GENRE: Fantasy
HONORS: Booklist Editor's Choice, 2007
REVIEW: The Magician’s Elephant concerns
a boy whose greatest wish is to know if the sister is still alive. A
fortune-teller reveals that she is, and that to find her, he must "follow
the elephant." While the boy, Peter Augustus Duchene, is very much the
protagonist, DiCamillo takes full advantage of her omniscient narrator by also
presenting the perspectives of the lost sister, the magician (who is imprisoned
after the elephant falls on a noblewoman), a kind police inspector, and even
the elephant herself.
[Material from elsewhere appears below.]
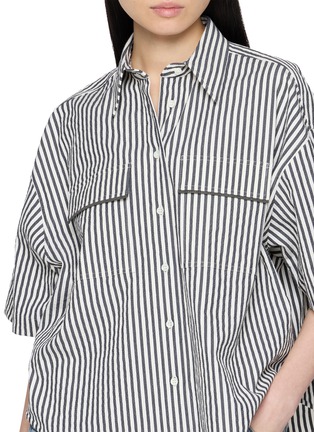  - BRUNELLO CUCINELLI - Striped Seersucker Denim Shirt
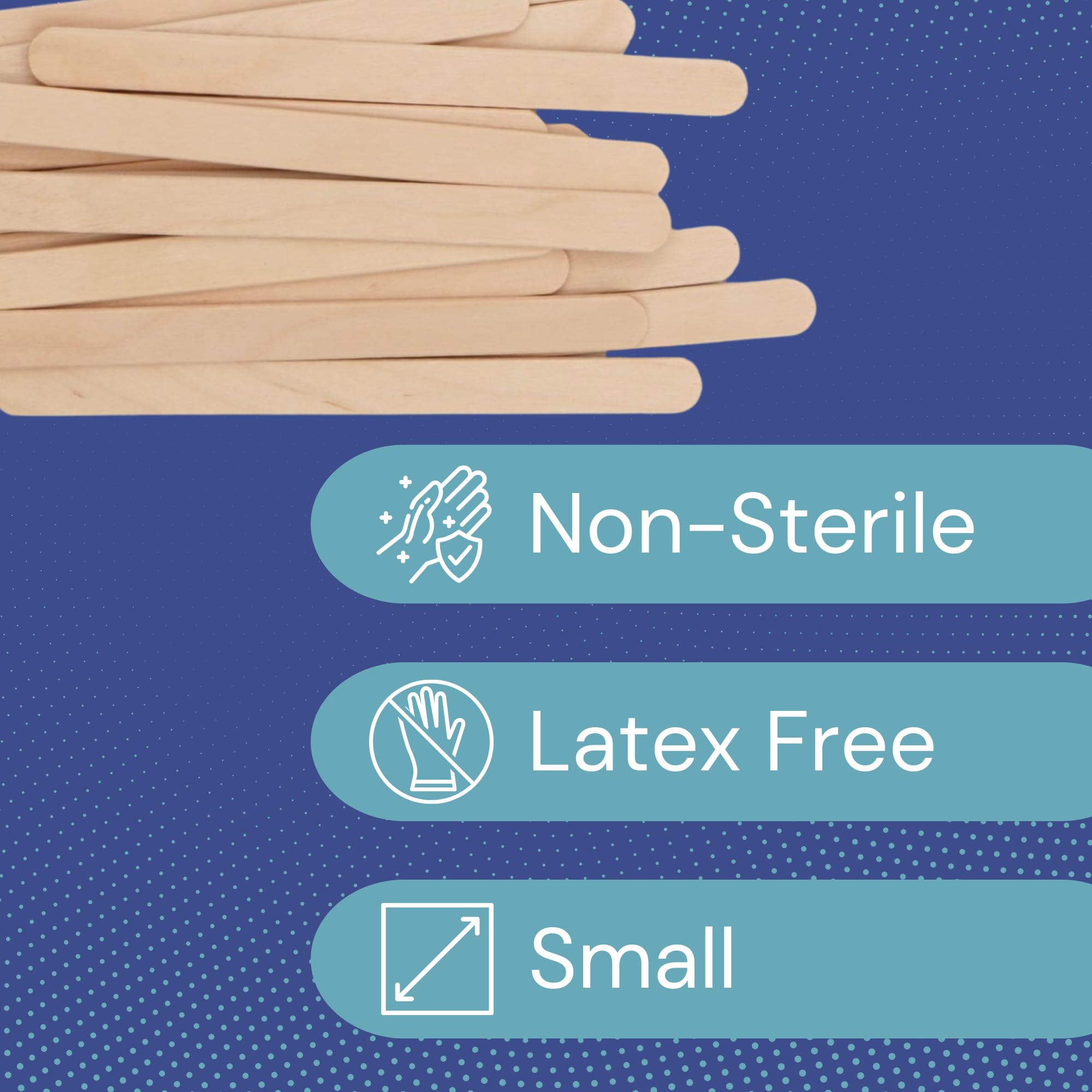 Dukal Small Wooden Wax Sticks - Body Hair Removal Applicator for Waxing, 3/8” x 4.5”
She does so fluidly - the changes in perspective feel
very natural to the narrative - and in doing so, allows this simple story to
take on a universality that is gently appealing.
OPINION: The Magician's
Elephant doesn't read as fantasy, but it
does have a whimsical sense of the fabulous which makes you feel like your
reading a story much older than it is. Though not an overly dynamic book it is
lovely, full of warm shadows and inevitable magic.
IDEAS: The Magician’s Elephant is a
good book for kids ready for a book to draw inferences and make connections but
that is not too long or complex. The fortune teller’s mysterious message and
what follows are unusual enough to attract some reluctant readers, as well.